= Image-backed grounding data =
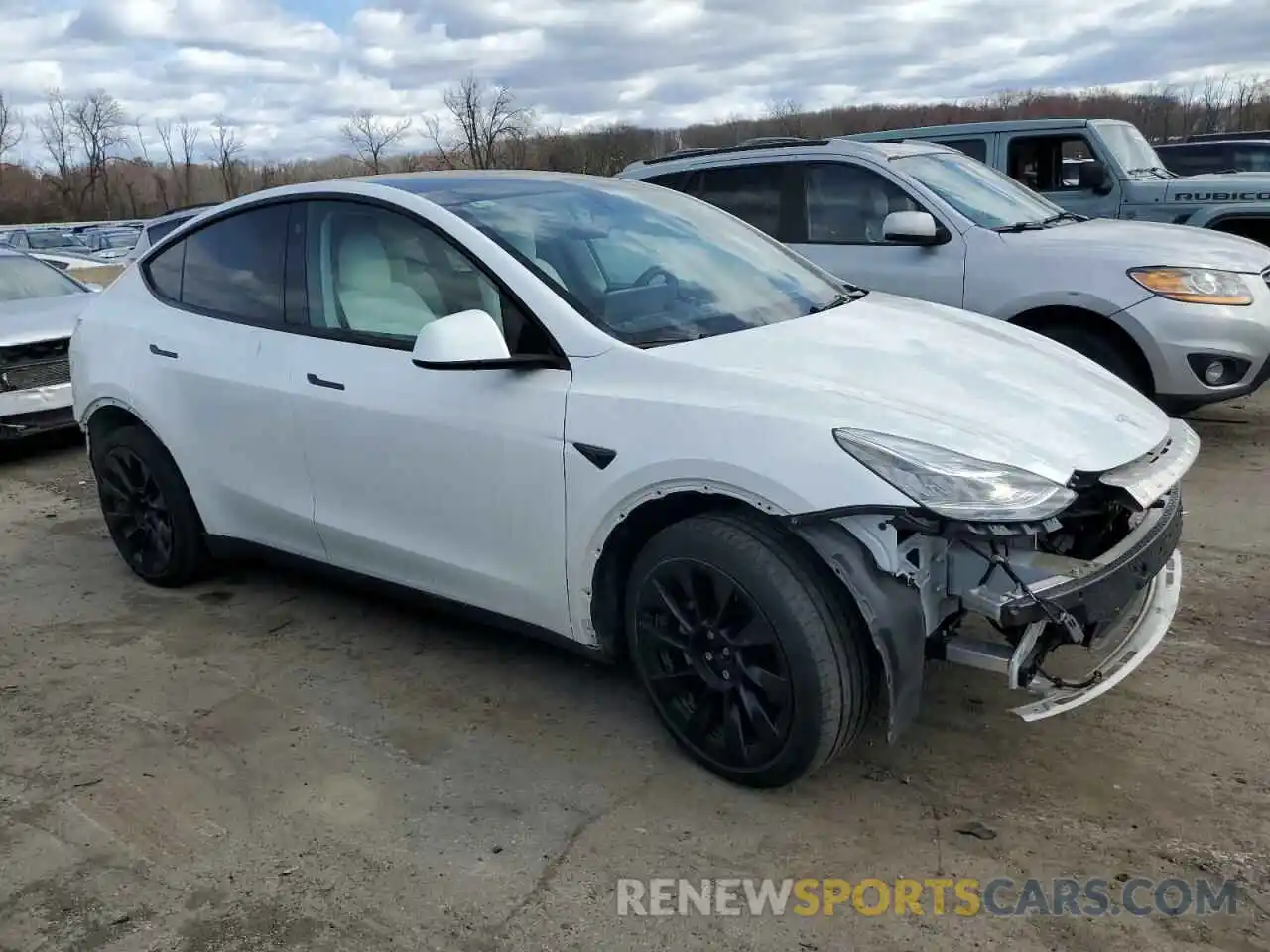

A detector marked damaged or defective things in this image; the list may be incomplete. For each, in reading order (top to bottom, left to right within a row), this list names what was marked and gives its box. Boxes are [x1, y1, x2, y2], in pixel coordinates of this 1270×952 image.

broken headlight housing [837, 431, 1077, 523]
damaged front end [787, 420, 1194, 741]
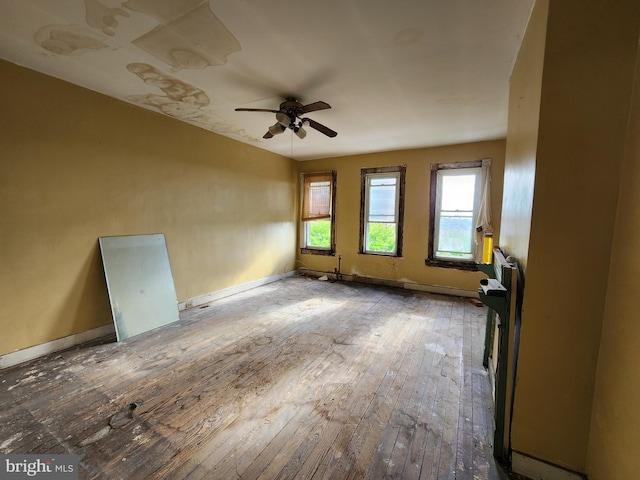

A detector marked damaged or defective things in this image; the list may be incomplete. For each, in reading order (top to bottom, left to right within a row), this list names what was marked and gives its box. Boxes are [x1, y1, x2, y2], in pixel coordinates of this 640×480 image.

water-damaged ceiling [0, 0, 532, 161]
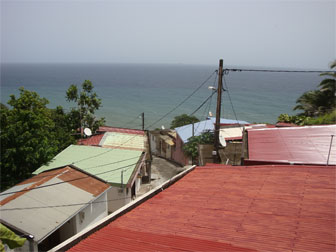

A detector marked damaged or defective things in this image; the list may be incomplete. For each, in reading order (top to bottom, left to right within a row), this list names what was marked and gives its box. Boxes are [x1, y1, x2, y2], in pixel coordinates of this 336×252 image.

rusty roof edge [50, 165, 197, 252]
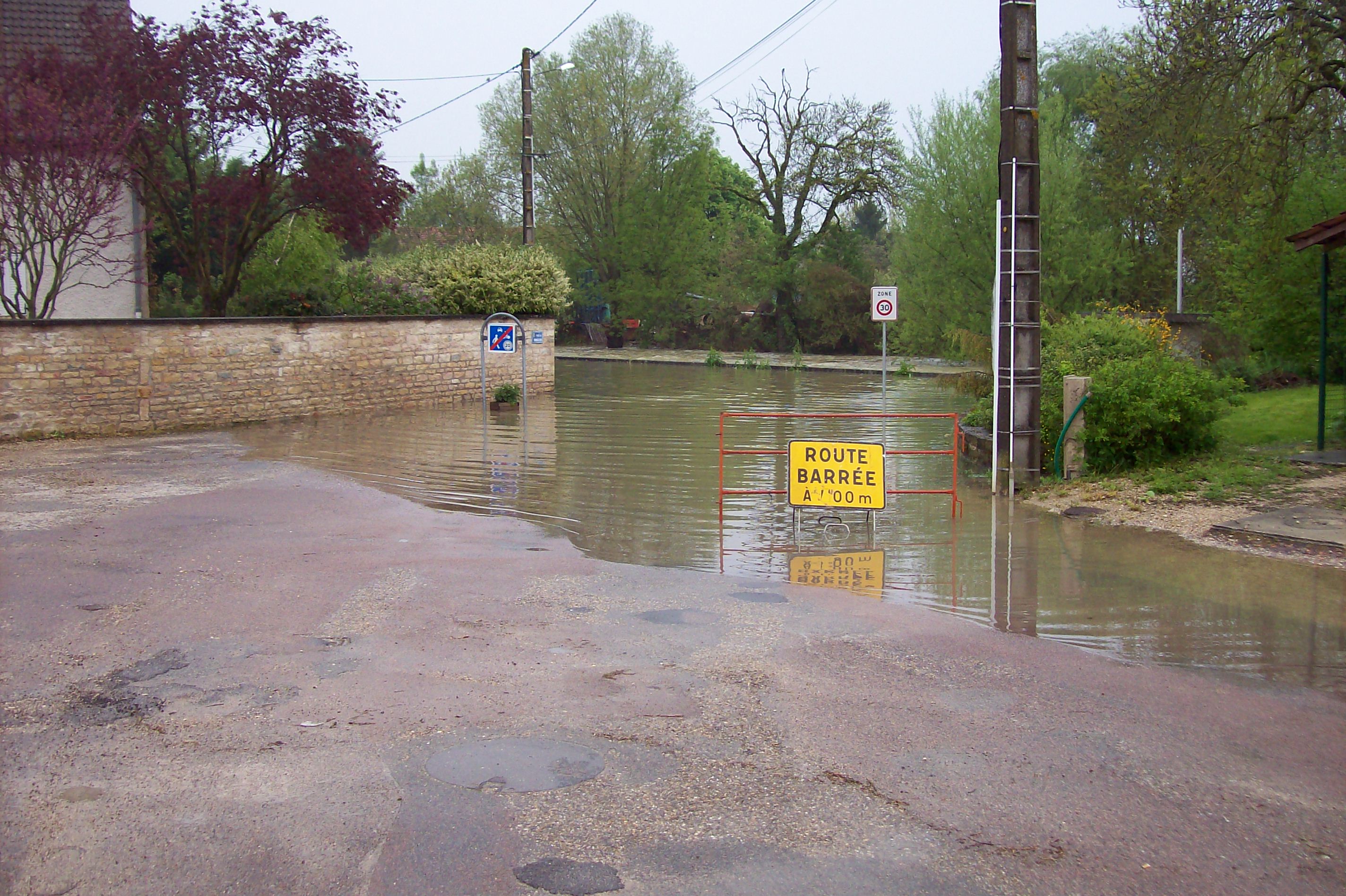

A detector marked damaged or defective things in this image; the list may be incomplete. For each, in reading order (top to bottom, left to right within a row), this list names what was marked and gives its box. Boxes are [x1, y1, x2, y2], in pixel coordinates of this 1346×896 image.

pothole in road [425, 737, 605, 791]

= Work to complete =
What's needed is an exact copy of every entry, free of pictures.

= Solution to this problem =
A detector marked damaged or defective things in this image; the list may be incomplete. For each, in reading order (top to bottom, left to right within a row), this list names what was marked and gives its box. Boxes are [x1, y1, x2, y2], in pixel coordinates of this 1270×952 image.

broken headlight housing [837, 431, 1077, 523]
damaged front end [787, 420, 1194, 741]

A detector marked damaged or defective things in this image; the list may be incomplete. For each, in reading order (top to bottom, left to right within a row), this list names what was marked and gives its box. Boxes are [x1, y1, x2, y2], in pixel coordinates of this 640×480 image.

water-damaged ceiling [0, 0, 532, 161]

A detector marked damaged or defective things in this image; the list may be incomplete. For each, in reading order (top to bottom, left to right within a row), this list names what was marked and gives its box. Boxes are [x1, y1, x2, y2], in pixel coordinates of this 336×252 image.

rusty roof edge [50, 165, 197, 252]

A detector marked damaged or defective things in this image; the list may be incomplete. For each, in reading order (top to bottom, left to right within a row), this list names what was marked and gives its box. Boxes are [x1, y1, x2, y2], in pixel coordinates of this 1346×896 image.

pothole in road [425, 737, 605, 791]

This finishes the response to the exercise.